COLLECTED MATERIAL:
------------

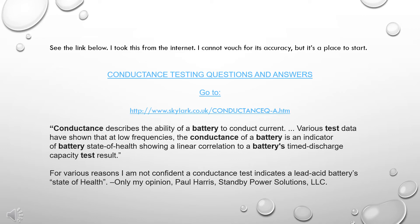Conductance describes the ability of a battery to conduct current. Various test data have shown that at low frequencies, the conductance of a battery is an indicator of battery state of health, showing a linear correlation to a battery's timed discharge capacity test result. For various reasons, I am not confident a conductance test indicates a lead-acid battery's state of health. Only my opinion. — Paul Harris, Standby Power Solutions, LLC.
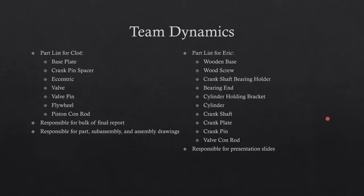The workload was divided so that everyone had the opportunity to work on every aspect of the project, but overall responsibilities were divided based on individual skill. Chloe created the base plate, crank pin spacer, eccentric, valve, valve pin, flywheel, and piston con rod, and was responsible for the majority of the paper — compiling the parts, sub-assemblies, and assembly drawings.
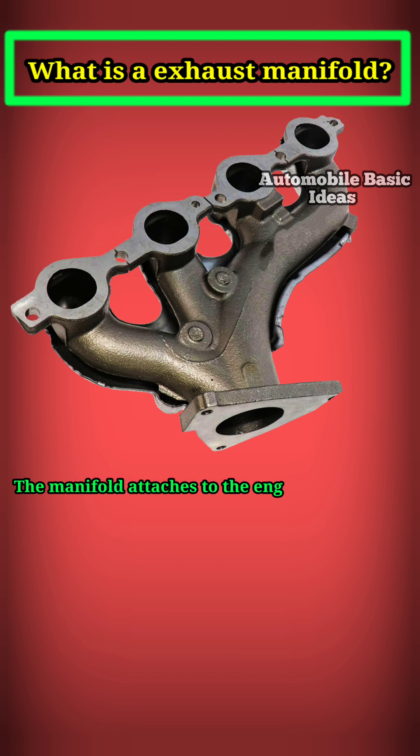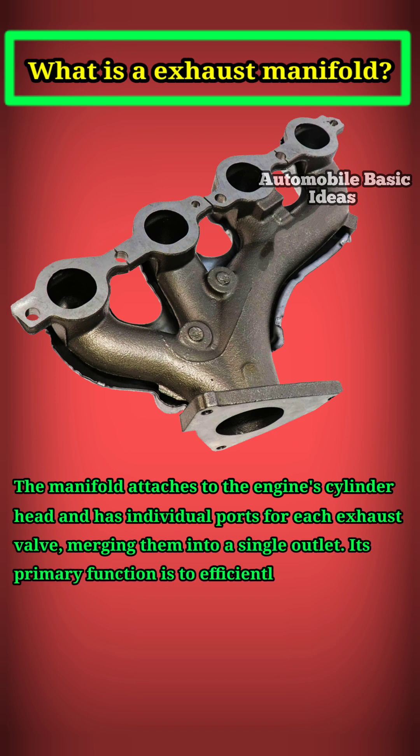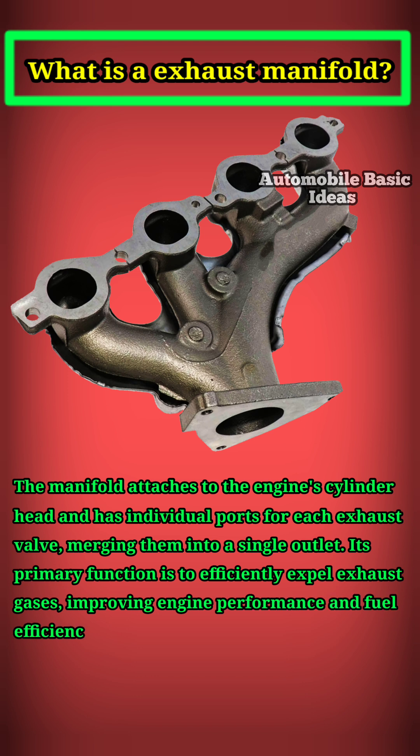The manifold attaches to the engine's cylinder head and has individual ports for each exhaust valve, merging them into a single outlet. Its primary function is to efficiently expel exhaust gases, improving engine performance and fuel efficiency.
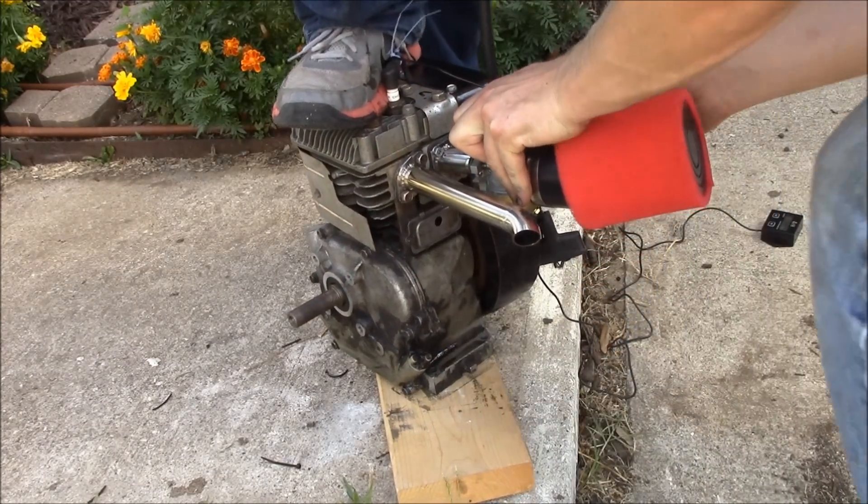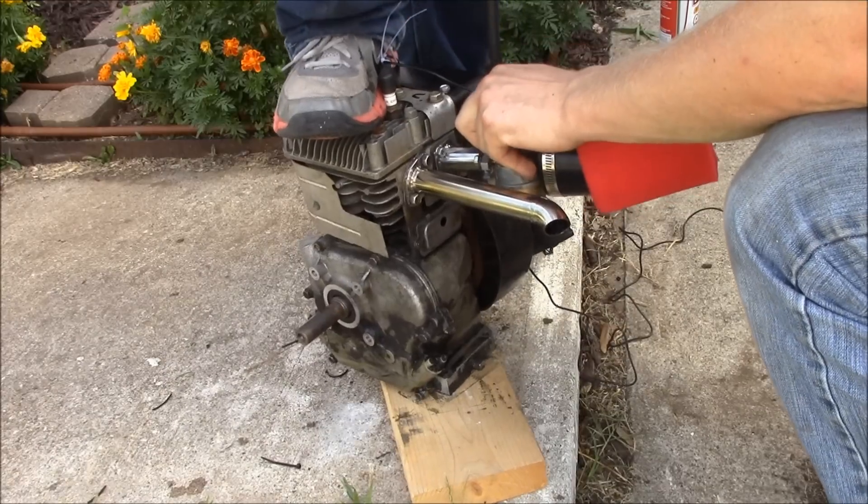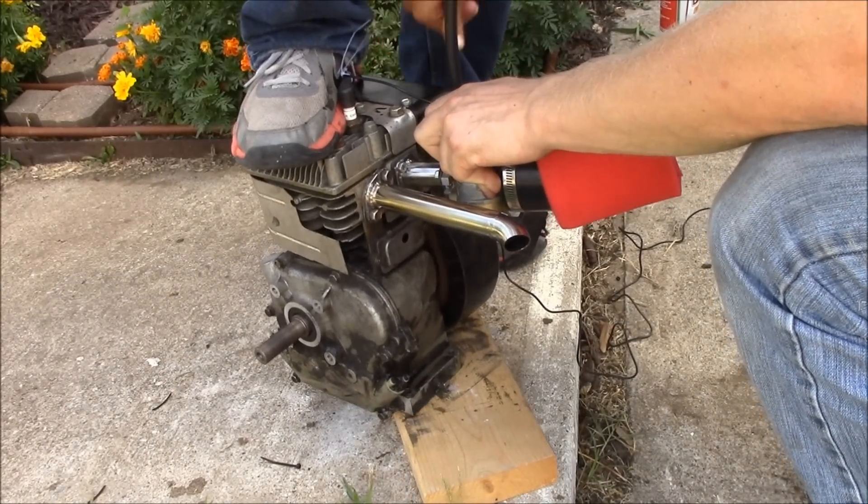An ideal governed industrial engine will run anywhere from 3600 to 3800 RPMs governed, ideally.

------------

WHAT THE EXERCISE ASKS:
Pictures must be left out. Repeat exactly the lines from the one containing "The manifold attaches" through the final line of the data.

RESPONSE TO THE EXERCISE:
The manifold attaches to the engine's cylinder head and has individual ports for each exhaust valve, merging them into a single outlet. Its primary function is to efficiently expel exhaust gases, improving engine performance and fuel efficiency.
An ideal governed industrial engine will run anywhere from 3600 to 3800 RPMs governed, ideally.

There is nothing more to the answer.